Even worse, I still could find you in any crowd. Still. Every single thing has its own sentimental values. Everything. Each morning thought was about you, and my last thought each night was you. You never left my mind. Waking up and you’re the first thing I thought was not a good day to start you know. It’s hurting and killing me softly when you came into my dream and when I woke up thinking it was just a dream, I cried. The reality hurts me so bad.
Every sad song I hear is now relevant. I can’t pass the day by sit on my own self for god’s sake without thinking of you. I haven’t slept in over five month which I think I can really someone can call it sleep. Even my sleep pattern has messed up after you left me. I wake up in fits of anxiety when you aren’t there to comfort me, to promise you’ll never leave me as you did before. You even told me you’re not going to change for me and I built the trust in me. Look at what is happening now.
Now, my world has become grey and bleak. There’s no more light, only fog. And each time I think I see the light, I run to it, only to end up back where I started. Without you. I tried everything just to numb the pain. Even the worse things too, though I once think it’s only for stupid but I did and I feel stupid too. I have no interest in anything. Even to improve myself. I’ve drown so much with everything like I had already lost everything in my life which is you, my source of happiness.
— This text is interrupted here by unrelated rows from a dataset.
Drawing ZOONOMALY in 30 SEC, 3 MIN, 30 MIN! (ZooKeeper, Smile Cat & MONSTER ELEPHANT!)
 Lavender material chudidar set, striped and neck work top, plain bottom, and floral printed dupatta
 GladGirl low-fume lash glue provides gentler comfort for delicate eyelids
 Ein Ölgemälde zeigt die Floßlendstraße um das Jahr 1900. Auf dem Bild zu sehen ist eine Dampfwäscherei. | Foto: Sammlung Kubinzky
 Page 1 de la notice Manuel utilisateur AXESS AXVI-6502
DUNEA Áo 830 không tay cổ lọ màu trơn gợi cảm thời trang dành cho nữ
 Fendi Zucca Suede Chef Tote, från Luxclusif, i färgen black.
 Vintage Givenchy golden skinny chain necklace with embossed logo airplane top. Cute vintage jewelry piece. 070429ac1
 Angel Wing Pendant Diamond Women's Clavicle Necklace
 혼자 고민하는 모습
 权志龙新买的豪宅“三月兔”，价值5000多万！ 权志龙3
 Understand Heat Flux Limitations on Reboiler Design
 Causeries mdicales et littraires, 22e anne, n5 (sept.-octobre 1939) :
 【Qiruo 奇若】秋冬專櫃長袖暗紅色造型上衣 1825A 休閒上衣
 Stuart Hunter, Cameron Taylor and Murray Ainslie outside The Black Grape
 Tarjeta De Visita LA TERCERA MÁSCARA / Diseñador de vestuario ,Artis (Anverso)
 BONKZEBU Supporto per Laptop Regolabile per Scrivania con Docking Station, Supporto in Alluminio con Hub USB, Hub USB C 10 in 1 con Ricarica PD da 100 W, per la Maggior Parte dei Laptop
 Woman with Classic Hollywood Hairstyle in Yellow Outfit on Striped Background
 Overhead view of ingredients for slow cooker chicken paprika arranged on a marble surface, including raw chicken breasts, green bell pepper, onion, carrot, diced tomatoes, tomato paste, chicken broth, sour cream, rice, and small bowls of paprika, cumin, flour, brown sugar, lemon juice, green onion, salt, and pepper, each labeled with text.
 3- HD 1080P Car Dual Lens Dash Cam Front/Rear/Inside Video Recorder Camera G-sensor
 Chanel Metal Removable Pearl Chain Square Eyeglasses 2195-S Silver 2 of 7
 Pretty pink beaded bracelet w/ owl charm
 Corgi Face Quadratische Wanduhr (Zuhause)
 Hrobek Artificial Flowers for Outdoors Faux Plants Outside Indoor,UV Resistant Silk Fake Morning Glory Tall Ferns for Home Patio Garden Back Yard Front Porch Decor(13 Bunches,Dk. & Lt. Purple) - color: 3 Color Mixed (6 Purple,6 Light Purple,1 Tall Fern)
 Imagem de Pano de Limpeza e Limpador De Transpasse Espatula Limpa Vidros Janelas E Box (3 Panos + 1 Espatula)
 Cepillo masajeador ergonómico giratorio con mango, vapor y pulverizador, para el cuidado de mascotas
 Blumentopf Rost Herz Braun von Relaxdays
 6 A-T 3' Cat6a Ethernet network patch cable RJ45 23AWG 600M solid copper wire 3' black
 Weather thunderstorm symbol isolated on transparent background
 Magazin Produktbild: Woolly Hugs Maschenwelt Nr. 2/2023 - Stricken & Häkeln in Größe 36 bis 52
Now, I tried to put some effort to look some sort of decent. Well, not only getting fatter I’m also look hideous as fuck nowadays you know. I have no one to impress anyway so there’s no point of looking good. But I tried everything. Make time for myself like to make me different. Going out with some friends to catch up, and I’m ready to talk about you to my friends but this time maybe a bit different kind of ways with a clear head.
Now, my eyes might see cute people in my life but this time nothing stars in my heart. No butterflies, no sparks and no interest because deep inside I still miss you, like always. But at least the urge to contact you or even ask about you become less frequent. I just need to learn how to adapt with the reality of you’re no longer mine though it’s hurting me all the time. How long would I be here? No one knows.